For the majority of white liberal Americans of the post-civil rights era, white supremacy was viewed in the contexts of isolated fringe far right groups that was a mere relic of history. White supremacy was viewed as history. Only with the rise of Trump have we begun to have mainstream discussions about what role dose white supremacy plays in our society. And that’s great! We need to be having that discussion.

Yet what has been lacking from that conversation is the systematic nature of white supremacy and how it’s directly tied to capitalism. Liberals who claim to be part of the “resistance” are acting as if Trump has opened a long dormant Pandora’s box of white supremacy. The “resistance” accuse the current head of the American empire of being a white supremacist fascist without questioning whether or not the American empire is inherently white supremacist in nature.
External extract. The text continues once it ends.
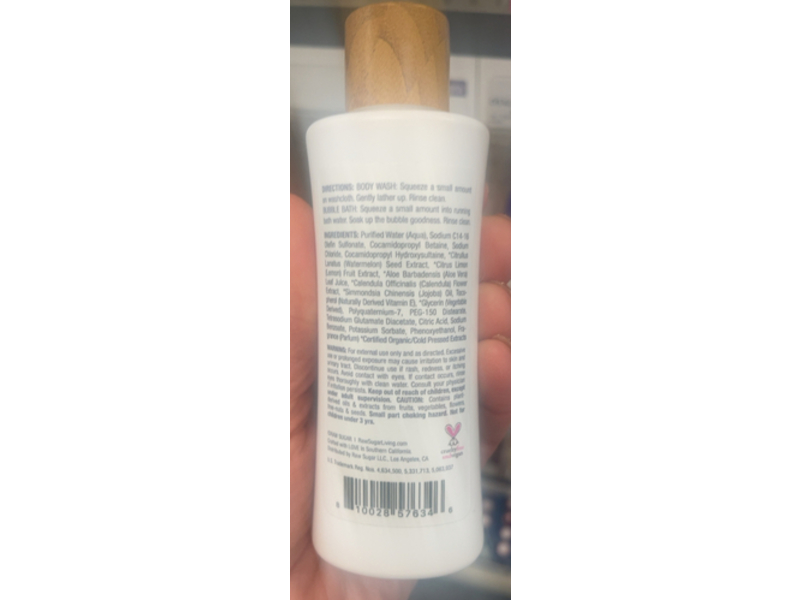 Raw Sugar Kids Watermelon Lemonade Bubble Bath+Body Wash, 3 fl oz/88 mL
Much of the focus has been on the symbolism of what Trump represents and not on the material reality of what America is. The horror of what is white supremacy is ultimately stripped of its historical and current roll in supporting capitalism and is diluted when liberals only see white supremacy through the prism of individualistic interpersonal relations. Privilege politics is a manifestation of individualizing white supremacy. Rather than struggling against the structural forces that create white privilege in the first place we are instead expected to meekly ask that white people somehow give up their privileges or at very least recognize that they have privilege. It should be obvious to anyone that that makes little sense because it forces us to depend on white people to enact symbolic change while we surrender what little power we have in the first place to make fundamental social change. Privilege politics also assumes that white supremacy in our society is result of individualistic patterns and behaviors when in fact people’s patterns and behaviors reflect the political and economic conditions of the society.

Systems don’t change because people change, people change because systems change. All of this amounts to the depoliticizing of white supremacy. It’s preventing us from fully understanding that Americas foreign, domestic and economic policy is essentially white supremacy in action.

An excellent example of what the depoliticization of white supremacy looks like is the reaction to the recent debate between Dr. Cornel West and writer Ta-Nehisi Coates. In the article he peened for the Guardian, Dr. West put it bluntly and accused Coates of being “the neoliberal face of the black freedom struggle”.

West went on to say astutely that “any analysis or vision of our world that omits the centrality of Wall Street power, US military policies, and the complex dynamics of class, gender, and sexuality in black America is too narrow and dangerously misleading.” He then adds his most damming indictment by saying “In short, Coates fetishizes white supremacy. He makes it almighty, magical and unremovable.”

West accurately theorizes that any discussion that removes structural white supremacy from its central role in upholding Americas capitalist empire will inadvertently end up reinforcing white supremacy. However, instead of seeing West’s critique of Coates as a valid insight on the state of the black liberation struggle, most of the reactions have framed the debate as some sort of personal beef between the two most prominent black intellectuals in the country, resembling some sort of Hip Hop celebrity feud.

Detractors of West such as Dr. Michael Eric Dyson have even gone on accusing West of throwing “shade” because he’s somehow jealous of Coates’ success, as if West’s criticisms were based on piety narcissism rather than grounded in a legitimate concern for the fate of black America. It’s just plain dismissive to reject what West has to say without fully analyzing the points he was trying to make.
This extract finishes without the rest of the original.